In the records below, begin at the line containing "Fabrika Topuklu sandalet/Terlik/Ekru" and end at the line containing "Pissarro French Theatre"; quote every line in that span exactly, including both boundary lines, and no others.

(Dataset entries)
<<<<

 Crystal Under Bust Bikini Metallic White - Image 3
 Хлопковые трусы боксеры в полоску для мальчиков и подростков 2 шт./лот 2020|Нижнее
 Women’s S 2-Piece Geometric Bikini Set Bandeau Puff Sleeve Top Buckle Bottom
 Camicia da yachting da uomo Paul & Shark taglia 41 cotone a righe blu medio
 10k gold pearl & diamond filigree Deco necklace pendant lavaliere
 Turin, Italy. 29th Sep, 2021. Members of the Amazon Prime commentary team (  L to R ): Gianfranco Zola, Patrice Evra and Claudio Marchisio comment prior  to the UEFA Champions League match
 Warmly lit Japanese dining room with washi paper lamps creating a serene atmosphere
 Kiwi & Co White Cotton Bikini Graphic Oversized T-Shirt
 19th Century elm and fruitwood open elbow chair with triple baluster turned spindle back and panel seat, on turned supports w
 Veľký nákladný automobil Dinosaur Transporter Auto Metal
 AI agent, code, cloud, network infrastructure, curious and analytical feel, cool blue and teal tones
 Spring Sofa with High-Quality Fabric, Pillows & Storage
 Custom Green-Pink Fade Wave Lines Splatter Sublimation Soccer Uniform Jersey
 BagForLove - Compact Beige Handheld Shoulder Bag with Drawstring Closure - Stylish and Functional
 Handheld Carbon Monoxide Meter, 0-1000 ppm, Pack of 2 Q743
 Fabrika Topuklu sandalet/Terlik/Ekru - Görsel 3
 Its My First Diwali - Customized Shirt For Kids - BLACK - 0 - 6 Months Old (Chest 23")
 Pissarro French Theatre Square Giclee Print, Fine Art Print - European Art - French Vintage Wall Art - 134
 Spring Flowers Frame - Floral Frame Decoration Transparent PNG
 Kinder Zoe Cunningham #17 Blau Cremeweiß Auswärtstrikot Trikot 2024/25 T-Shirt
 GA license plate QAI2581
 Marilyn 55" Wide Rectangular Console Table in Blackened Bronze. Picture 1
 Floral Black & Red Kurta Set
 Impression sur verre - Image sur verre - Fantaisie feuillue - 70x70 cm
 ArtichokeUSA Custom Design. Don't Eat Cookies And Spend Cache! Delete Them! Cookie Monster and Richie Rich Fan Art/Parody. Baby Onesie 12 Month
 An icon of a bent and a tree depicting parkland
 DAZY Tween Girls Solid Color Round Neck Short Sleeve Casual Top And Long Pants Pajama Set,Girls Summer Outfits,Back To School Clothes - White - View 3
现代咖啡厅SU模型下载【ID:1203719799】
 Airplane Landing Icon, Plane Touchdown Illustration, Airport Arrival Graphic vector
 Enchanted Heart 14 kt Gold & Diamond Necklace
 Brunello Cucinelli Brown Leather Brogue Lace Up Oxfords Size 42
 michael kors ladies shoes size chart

>>>>

**ANSWER TO THE EXERCISE**
 Fabrika Topuklu sandalet/Terlik/Ekru - Görsel 3
 Its My First Diwali - Customized Shirt For Kids - BLACK - 0 - 6 Months Old (Chest 23")
 Pissarro French Theatre Square Giclee Print, Fine Art Print - European Art - French Vintage Wall Art - 134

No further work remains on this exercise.